Our current understanding is that this behavior is triggered by running many writes in quick succession.

I've create a minimal reproducible example of the behavior in this repo: https://github.com/withfig/swiftterm-write-example

At a first glance, @krzyzanowskim suggested there's some thread unsafety from running the LocalProcess writes on the concurrent DispatchQueue.global queue. Unfortunately, swapping this out for a serial queue (see @krzyzanowskim's patch here) didn't remedy the error entirely, and the minimal example above still suffers the same issues even with the serial queue

sullivan-sean avatar Nov 16 '21 00:11 sullivan-sean

Thank you for this great reproduction case.

migueldeicaza avatar Nov 20 '21 16:11 migueldeicaza

Hello,

It looks like the problem is that DispatchIO.read and write are convenience functions that mess with the descriptor settings behind our back, and the interleaved operations might be trampling over these. It looks like these will not play well with bidirectional sockets:

After calling this method, the system takes control of the specified file descriptor until the handler block is enqueued. While it controls the file descriptor, the system may modify it on behalf of the application. For example, the system typically adds the O_NONBLOCK flag to ensure that any operations are non-blocking. During that time, it is an error for your application to modify the file descriptor directly. However, you may pass the file descriptor to this method or the read(fd:length:queue:handler:) function. You may also use the file descriptor to create a new dispatch I/O channel. The system relinquishes control of the file descriptor before calling your handler, so it is safe to modify the file descriptor again from your handler code.

I have a new variation of the LocalProcess that creates dedicated channels, and it seems to address these problems. I also use explicit queues, can you try it?

https://gist.github.com/migueldeicaza/73e36c2c98b0427f3197622bdcb3a801

@krzyzanowskim

migueldeicaza avatar Nov 20 '21 20:11 migueldeicaza

Hello,

It looks like the problem is that DispatchIO.read and write are convenience functions that mess with the descriptor settings behind our back, and the interleaved operations might be trampling over these. It looks like these will not play well with bidirectional sockets:

After calling this method, the system takes control of the specified file descriptor until the handler block is enqueued. While it controls the file descriptor, the system may modify it on behalf of the application. For example, the system typically adds the O_NONBLOCK flag to ensure that any operations are non-blocking. During that time, it is an error for your application to modify the file descriptor directly. However, you may pass the file descriptor to this method or the read(fd:length:queue:handler:) function. You may also use the file descriptor to create a new dispatch I/O channel. The system relinquishes control of the file descriptor before calling your handler, so it is safe to modify the file descriptor again from your handler code.

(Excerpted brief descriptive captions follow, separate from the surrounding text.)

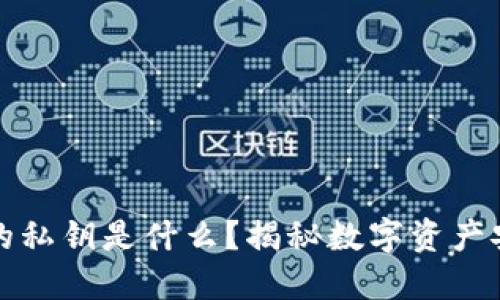 TP钱包中的私钥是什么？揭秘数字资产安全的基石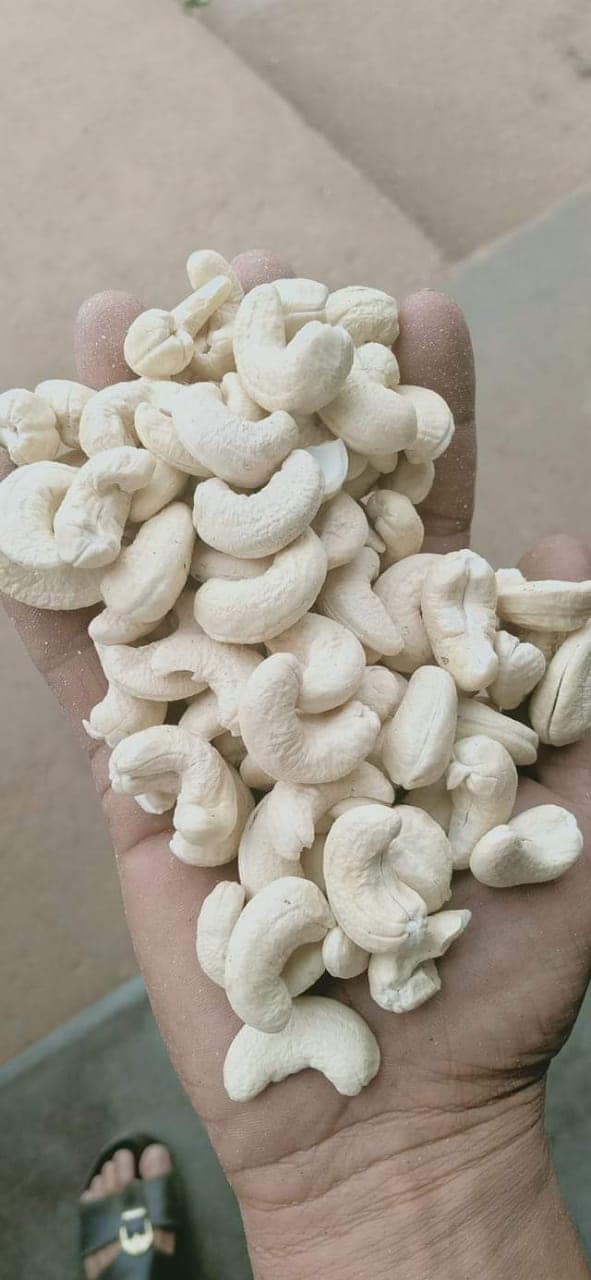 Quality Processed Cashew Kernels For Sale -  advertising new products available cashew kernel for sale all grade at best price--commodity-  processed cashew kernel--nut size  -  grades w320 , w240 ,  w180 , w210 & w450--processing time -  --moisture- 5% maximum--extraneous matter- 0.5% max--process type -  organic--color-  white--foreign matter-  1%--broken  -  3%--out t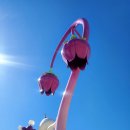 남화농장 | 진도여행 20220226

I have a new variation of the LocalProcess that creates dedicated channels, and it seems to address these problems. I also use explicit queues, can you try it?

https://gist.github.com/migueldeicaza/73e36c2c98b0427f3197622bdcb3a801

@krzyzanowskim

You may want to use a lock GCD group around the ptr in this code, I think you may race the read/write buffer as-is.

JoeMatt avatar Nov 21 '21 02:11 JoeMatt

Thanks! This gist seems to fix the problem of hanging writes šŸŽ‰

Successive calls to LocalProcess send are still executed asynchronously however, which for large numbers of writes can result in interspersed writes so instead of writing echo hello > /tmp/150.txt\n and then echo hello > /tmp/151.txt\n we sometimes end up with something like echo hello > /tmp/150.txtecho\nhello > /tmp/151.txt\n I imagine in most cases it is desirable for writes to complete before writing more data.

This behavior using your gist is available on this branch of the example repo: https://github.com/withfig/swiftterm-write-example/tree/channeled-local-process

Because of the queues used, the print statements for send completion do not show up but I imagine if they did they would not always appear in the same order in which the bytes to send were queued.

sullivan-sean avatar Nov 22 '21 18:11 sullivan-sean

Very good observation on the race, it took me a while to see it, but it is right there in front of my eyes!

This is the current patch I have, I am in the process of downloading a working Xcode to test:

https://gist.github.com/migueldeicaza/0bb69eacc777a626dc0ba1a23d2e5421

migueldeicaza avatar Dec 17 '21 02:12 migueldeicaza

Ok that patch is not qutie ready: the DispatchWrite does the write, but never invokes the callback.

That's because I did not understand the purpose of the callback.

migueldeicaza avatar Dec 17 '21 03:12 migueldeicaza

Ok, couple of updates.

  1. The multi-queue approach for some reason causes control-c on the MacTerminal to not be delivered immediately under load (for example, running ls -lR /, and this causes the control-c to take a long time before it responds. Can take minutes to do so.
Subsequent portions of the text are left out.